#### PROBLEM TO SOLVE
Every line of the entries with the word "Drive" in it should be shown.

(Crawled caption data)

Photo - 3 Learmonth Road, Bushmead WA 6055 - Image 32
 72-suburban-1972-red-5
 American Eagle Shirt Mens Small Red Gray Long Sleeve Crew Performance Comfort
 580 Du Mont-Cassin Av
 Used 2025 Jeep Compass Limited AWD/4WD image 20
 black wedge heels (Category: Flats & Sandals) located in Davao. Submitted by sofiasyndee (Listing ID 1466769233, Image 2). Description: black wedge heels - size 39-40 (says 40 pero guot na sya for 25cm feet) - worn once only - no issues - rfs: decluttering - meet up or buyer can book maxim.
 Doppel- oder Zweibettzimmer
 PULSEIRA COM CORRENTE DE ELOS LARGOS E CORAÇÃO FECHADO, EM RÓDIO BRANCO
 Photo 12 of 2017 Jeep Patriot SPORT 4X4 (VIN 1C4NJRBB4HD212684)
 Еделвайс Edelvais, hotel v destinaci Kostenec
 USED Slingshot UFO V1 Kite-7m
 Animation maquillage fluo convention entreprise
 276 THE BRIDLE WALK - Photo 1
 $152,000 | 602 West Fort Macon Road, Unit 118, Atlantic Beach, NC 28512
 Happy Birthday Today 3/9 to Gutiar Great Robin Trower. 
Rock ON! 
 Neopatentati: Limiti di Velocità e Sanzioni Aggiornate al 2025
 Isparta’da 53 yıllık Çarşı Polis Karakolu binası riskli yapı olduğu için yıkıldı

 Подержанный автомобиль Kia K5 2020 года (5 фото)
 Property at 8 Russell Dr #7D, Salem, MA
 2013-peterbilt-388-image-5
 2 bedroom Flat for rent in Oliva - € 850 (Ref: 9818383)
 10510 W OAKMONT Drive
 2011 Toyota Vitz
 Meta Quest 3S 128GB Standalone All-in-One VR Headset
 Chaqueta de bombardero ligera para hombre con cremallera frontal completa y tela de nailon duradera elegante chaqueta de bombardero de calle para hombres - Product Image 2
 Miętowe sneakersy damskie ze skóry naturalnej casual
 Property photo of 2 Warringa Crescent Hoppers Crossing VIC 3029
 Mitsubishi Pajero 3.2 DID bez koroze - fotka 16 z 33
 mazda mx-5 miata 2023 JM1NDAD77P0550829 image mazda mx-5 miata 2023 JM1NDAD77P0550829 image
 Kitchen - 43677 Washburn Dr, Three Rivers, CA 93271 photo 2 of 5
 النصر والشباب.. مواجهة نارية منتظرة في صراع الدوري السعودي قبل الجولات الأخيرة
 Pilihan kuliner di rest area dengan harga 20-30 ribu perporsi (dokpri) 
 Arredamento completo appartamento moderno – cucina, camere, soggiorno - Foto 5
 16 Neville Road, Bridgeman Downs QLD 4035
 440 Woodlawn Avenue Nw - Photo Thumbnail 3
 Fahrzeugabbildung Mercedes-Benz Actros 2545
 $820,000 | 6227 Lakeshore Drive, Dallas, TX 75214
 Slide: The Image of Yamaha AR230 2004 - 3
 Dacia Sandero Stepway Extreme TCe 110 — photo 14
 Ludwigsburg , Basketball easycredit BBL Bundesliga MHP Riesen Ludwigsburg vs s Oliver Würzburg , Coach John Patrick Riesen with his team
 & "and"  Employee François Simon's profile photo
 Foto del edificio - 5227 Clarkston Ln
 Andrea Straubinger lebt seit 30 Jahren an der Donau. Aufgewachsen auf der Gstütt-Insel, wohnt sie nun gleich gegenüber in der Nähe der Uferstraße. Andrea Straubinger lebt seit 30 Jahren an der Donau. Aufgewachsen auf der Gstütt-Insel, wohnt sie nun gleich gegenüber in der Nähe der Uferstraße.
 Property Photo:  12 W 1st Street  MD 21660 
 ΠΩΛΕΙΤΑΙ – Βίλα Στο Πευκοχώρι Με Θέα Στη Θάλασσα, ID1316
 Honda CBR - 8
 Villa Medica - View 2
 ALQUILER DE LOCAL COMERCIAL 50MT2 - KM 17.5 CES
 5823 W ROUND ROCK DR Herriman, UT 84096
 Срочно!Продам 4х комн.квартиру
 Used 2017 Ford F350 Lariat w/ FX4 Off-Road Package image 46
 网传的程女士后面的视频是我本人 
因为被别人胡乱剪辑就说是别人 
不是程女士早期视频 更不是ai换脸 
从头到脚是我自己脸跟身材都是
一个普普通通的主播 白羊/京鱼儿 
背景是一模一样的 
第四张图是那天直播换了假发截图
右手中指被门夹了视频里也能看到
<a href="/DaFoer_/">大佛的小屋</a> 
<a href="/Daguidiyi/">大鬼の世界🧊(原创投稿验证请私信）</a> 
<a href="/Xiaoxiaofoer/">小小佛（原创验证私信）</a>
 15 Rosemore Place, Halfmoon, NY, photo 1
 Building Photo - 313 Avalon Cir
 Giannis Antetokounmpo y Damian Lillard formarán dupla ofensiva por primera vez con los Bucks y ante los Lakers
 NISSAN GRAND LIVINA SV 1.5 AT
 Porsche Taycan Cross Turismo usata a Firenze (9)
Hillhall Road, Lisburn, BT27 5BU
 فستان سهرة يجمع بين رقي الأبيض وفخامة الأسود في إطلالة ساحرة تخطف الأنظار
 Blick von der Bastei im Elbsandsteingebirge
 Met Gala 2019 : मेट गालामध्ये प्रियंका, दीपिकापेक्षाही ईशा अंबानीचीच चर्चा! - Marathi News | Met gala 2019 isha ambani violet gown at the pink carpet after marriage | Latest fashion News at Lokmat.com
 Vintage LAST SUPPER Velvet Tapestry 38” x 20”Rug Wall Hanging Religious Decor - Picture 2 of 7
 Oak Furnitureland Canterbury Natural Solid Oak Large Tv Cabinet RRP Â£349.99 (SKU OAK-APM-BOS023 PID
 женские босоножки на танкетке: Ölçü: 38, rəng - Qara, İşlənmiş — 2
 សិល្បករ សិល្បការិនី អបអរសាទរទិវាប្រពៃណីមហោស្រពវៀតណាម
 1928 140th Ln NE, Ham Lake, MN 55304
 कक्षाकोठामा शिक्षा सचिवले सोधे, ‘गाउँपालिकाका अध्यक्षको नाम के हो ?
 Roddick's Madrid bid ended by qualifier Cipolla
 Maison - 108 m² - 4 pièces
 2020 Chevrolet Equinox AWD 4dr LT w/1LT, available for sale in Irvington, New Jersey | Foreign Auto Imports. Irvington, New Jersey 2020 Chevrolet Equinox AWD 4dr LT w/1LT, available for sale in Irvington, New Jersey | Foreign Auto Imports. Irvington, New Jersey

#### EXERCISE OUTPUT
 10510 W OAKMONT Drive
 $820,000 | 6227 Lakeshore Drive, Dallas, TX 75214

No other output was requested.